Here's a plot showing where the best player in the top 5 for every year was picked.

View attachment 14730

What this shows is that since 1985, the player in picks #2-#5 are about equally likely to be the best player in a class. And it's slightly more likely that the best player comes in picks 2-5 than #1.

Given how flat the curve is from 2-5, my interpretation of this is, that in the top 5 picks, once you get past the first pick; it all basically comes down to probability and noise, even for the professional front offices that hire scouts and people to work players out. If draft expertise was relevant, then you'd expect to see pick 2 have a higher count than pick 3, and so on, a downwards curve instead of a cliff and valley.

Which makes this all a rather pointless exercise in pedantry since the best we can guarantee ourselves is a 14% chance of the #1 pick even with the worst record in the league. We may go into the lottery with the 3rd best odds only to see the team with the 10th best odds pick #1. In which case we should have won more games, I guess? If we knew in advance what the lottery draw was going to be then we could position ourselves strategically into those spots. Instead all we're trying to do is mitigate the damage of a bad lottery draw which makes sense up to a point but not as much sense as just saying toss it all, I'm going to focus on scouting instead since that's how I actually can positively impact my draft outcome. Assuming we finish the season with one of the 5 worst records in the league we'd still have a far greater chance of picking 5-8 than we would of picking #1 so I will continue to argue that scouting is far more important than losing all of your games.
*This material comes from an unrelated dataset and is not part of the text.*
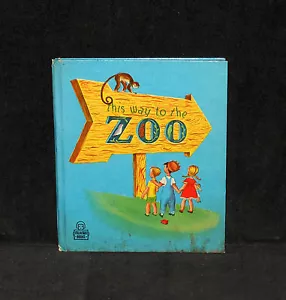Tell-A-Tale #877 - This Way to the Zoo - 1948 Whitman hardcover - 1st - Imagen 1 de 1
I find probability in general to be counter-productive to good decision making (no offense). I don't really want to go into detail why... but to be brief, I think probability assumes an outdated model of how the universe works that I personally disagree with. Summing up every pick ever made and showing the VORP distribution of those players strikes me as the most wrong-headed way a person could approach the draft. I suppose if basketball players were all exactly the same then there might be something to this but we're not just rolling dice here, what we're doing is closer to a logic puzzle: (Player X at 17 years old => Player X at 18 years old => Player X at 19 years old => ??) If you were to spend your time watching basketball players you could start to identify what qualities the successful NBA players have in common and what qualities the unsuccessful NBA players have in common. That would lead to a dataset which might actually be useful and more importantly it would force you to formulate a testable hypothesis and ultimately a theory which can be used to guide your decision making.
 
Sorry, I went back and read your post again and realized I somewhat glossed over it the first time and missed the "gist". My bad. That's what I get for trying to read this and watch mandated work safety training videos on "slips/trips/falls" (clean up spilled liquids, pick up trip hazards, don't fall in a hole - duh) and similar stuff at the same time.

Thanks for taking the time to give it a second look. 👍
However, I thought the wailing and gnashing of teeth everyone seems to have if we don't get a top 3 pick is rather humorous considering your chart shows that the #1 pick is most important (duh, that's where you get the LeBrons and the Wembys and the Duncans) and after that it's somewhat of a crapshoot. Which is what I've been saying all along. Then the table posted earlier shows that the best two picks (by VORP) are 3 and 4. :)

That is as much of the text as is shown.